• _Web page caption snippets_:

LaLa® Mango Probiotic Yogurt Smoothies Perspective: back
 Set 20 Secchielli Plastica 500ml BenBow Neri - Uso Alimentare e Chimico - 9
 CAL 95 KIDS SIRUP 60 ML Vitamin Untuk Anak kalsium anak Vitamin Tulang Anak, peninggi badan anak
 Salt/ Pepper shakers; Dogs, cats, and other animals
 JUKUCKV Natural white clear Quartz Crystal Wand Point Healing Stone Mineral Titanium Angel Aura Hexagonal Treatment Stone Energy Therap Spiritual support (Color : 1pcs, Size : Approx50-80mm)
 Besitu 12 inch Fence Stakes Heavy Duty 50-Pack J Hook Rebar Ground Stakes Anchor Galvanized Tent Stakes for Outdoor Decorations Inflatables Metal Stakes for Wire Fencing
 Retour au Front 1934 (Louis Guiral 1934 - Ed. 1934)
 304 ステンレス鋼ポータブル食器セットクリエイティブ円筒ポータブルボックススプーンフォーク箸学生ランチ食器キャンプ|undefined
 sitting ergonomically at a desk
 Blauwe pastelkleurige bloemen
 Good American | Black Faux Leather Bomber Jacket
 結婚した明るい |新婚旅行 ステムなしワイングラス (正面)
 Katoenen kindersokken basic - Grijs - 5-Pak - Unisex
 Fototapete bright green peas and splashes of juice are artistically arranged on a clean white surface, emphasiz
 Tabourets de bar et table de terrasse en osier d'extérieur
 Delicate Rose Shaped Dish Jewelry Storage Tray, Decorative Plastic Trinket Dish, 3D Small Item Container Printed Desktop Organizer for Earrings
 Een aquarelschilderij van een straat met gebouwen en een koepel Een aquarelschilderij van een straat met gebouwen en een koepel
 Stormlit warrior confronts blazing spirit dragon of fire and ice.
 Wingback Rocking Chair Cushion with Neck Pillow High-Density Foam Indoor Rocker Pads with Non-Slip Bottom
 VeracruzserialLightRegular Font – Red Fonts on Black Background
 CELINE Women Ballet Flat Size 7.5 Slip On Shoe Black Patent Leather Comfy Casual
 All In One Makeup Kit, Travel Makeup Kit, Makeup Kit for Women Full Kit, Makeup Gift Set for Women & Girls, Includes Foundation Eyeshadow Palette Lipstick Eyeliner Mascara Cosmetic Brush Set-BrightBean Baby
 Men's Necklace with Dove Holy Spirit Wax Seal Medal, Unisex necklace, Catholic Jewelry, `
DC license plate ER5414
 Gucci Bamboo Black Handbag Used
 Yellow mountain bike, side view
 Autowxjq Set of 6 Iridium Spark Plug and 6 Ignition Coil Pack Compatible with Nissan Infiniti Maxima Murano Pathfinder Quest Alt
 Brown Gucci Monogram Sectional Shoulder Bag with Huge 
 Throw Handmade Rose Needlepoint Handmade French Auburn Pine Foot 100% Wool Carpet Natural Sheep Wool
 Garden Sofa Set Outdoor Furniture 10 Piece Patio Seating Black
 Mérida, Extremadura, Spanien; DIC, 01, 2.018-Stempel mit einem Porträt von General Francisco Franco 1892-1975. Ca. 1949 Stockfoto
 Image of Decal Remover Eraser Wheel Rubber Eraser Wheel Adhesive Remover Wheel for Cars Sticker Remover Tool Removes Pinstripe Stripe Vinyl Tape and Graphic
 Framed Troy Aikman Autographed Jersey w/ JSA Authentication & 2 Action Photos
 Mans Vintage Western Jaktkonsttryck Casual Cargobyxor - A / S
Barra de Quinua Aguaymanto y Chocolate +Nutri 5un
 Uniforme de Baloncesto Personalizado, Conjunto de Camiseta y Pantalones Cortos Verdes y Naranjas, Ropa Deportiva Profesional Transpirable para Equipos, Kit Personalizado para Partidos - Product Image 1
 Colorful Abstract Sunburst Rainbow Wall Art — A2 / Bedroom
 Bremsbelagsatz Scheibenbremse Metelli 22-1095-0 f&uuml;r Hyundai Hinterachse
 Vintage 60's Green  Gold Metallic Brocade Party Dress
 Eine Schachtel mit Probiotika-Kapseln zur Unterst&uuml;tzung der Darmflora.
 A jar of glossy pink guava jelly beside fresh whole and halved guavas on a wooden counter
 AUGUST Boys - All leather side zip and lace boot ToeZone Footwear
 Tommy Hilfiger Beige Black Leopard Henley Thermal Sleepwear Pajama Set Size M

• _Exercise_: Look through the data above and return each line where the string "Black" occurs.

• _Expected output_:
 Good American | Black Faux Leather Bomber Jacket
 VeracruzserialLightRegular Font – Red Fonts on Black Background
 CELINE Women Ballet Flat Size 7.5 Slip On Shoe Black Patent Leather Comfy Casual
 Gucci Bamboo Black Handbag Used
 Garden Sofa Set Outdoor Furniture 10 Piece Patio Seating Black
 Tommy Hilfiger Beige Black Leopard Henley Thermal Sleepwear Pajama Set Size M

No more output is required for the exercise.